Когда я вошел в дедушкин кабинет, меня ждал очередной сюрприз, приготовленный милым Вангом Ю, в виде распахнутых настежь окон. После этой безумной уборки вся комната стала скользкой и сияла, напоминая какое-ни-будь бессмертное произведение искусства, выполненное в технике китайского лака. Словно шагая по полированному подносу, держась за стены и окружающие предметы, я с трудом добрался до окон; с грохотом захлопнув их, я подошел к столу. Нервы мои были натянуты как струна, щеки пылали; я схватил самый большой стакан из всех расставленных по росту на столе, налил в него виски и залпом опрокинул в себя.
Когда я немного успокоился, в комнату вошел пожилой почтенный господин, который, как я решил, был соседом с третьего этажа.
— Сидите-сидите, не вставайте, пожалуйста, — сказал мне он и начал: — Господи, да у вас не слуга, а вихрь. Он обошел все наши комнаты, где какие были двери, окна, все открыть заставил!
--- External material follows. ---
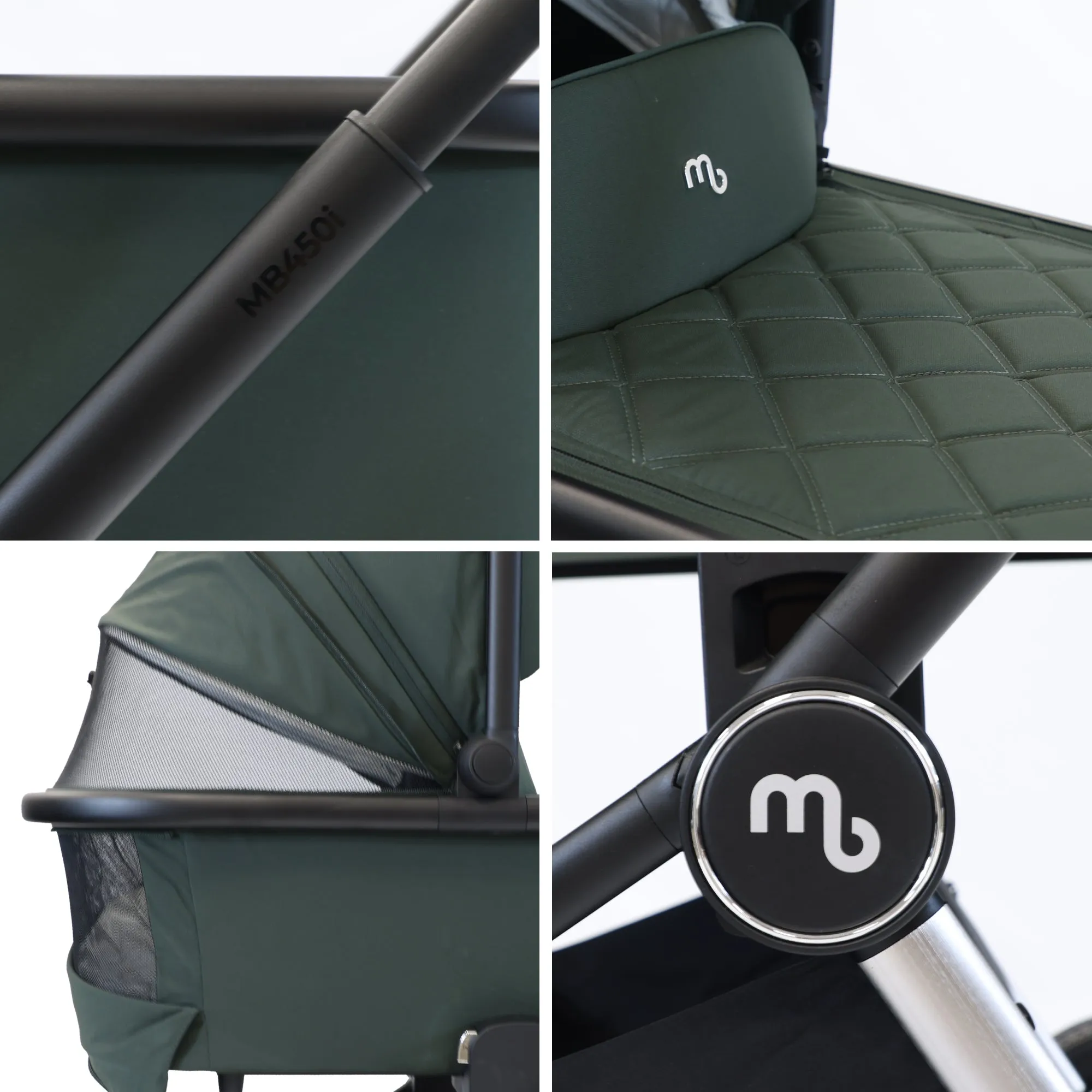MB450i 3-in-1 Travel System - Forest Green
А потом навел такую чистоту, такую чистоту! Взял с собой трех помощников и убрал не только вашу контору, но и весь дом! Благослови его бог! Я такого раньше не видел. Настоящий вихрь.
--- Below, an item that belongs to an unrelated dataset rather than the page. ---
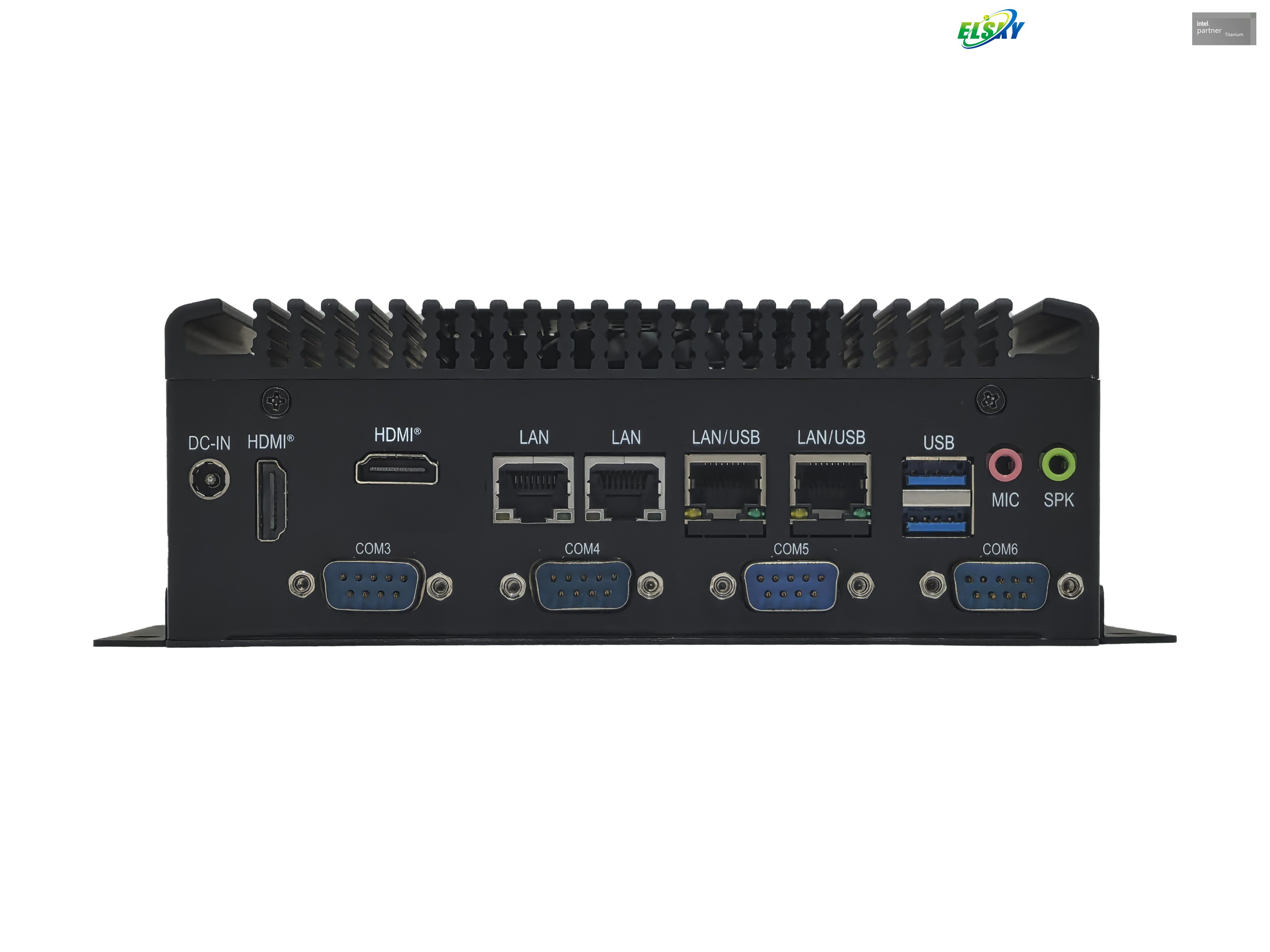 PC industrial SPC413F de 4 pulgadas con ventilador 4.&ordm; a 13.&ordm; para un buen rendimiento opcional de estructura peque&ntilde;a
Я постарался ответить как можно более вежливо:
— Ну что вы, сударь. Знаете, как говорят? Если у тебя нет слуг, то и врагов нет.
Наигранно засмеявшись, он произнес:
— Вы, значит, консерватор. Ладно, мне пора идти. Решил, зайду по дороге к вам. Никогда такого не видел, надо же — такой расторопный да работящий. Настоящий вихрь! Храни его бог! Вот молодец какой: проворный какой, понятливый.
Я пожал ему на прощание руку:
— Всегда жду в гости, сударь. Рад был познакомиться.
— Мы все очень любили вашего покойного дедушку, — вздохнул он. — Ко мне тоже как-нибудь заходите.
Проводив почтенного старичка, я сел было за стол, но вдруг в дверь опять постучали: ровно три раза — не слишком громко и не слишком тихо, с равными промежутками. Я уже был не в состоянии вставать ради этих незваных гостей. Вчера один, сегодня двое! Не контора, а проходной двор какой-то.
— Дверь открыта, — крикнул я. — Входите, пожалуйста.
Вошел бледный, но очень красивый человек с мягкими каштановыми волосами. На носу у него были круглые очки в тонкой металлической оправе, а в руках — огромный пакет, завернутый в блестящую ярко-зеленую, как голова селезня, бумагу. Человек направился прямо к моему столу.
Протянув мне руку, он произнес:
— Добрый вечер. Надеюсь, я вас не побеспокоил. Прошу простить за то, что явился без предупреждения. Но мсье Жакоб так настаивал, чтобы я увиделся с вами, что мне пришлось рассудить так: если я зайду к вам по пути и оставлю этот пакет, то это не будет большим неудобством для вас.
Ну и противным он оказался! У него были отвратительные потные ладошки, а когда он говорил, то смотрел не мне в глаза, а как бы мимо них, по касательной, на мои виски, время от времени облизывая верхнюю губу. При этом у него был очень приятный, звучный голос, и выговаривал слова он безупречно. Эта безупречность доходила до того, что делалось скучно его слушать. Казалось, обычный человек не может так разговаривать, и все вместе в сочетании с его точеной фигурой создавало впечатление, что это — робот. Если бы мне нужно было дать ему имя, я бы назвал его Человек-Робот, и никак иначе. Однако его давно уже назвали без меня, а мне оставалось только догадаться, кто он такой.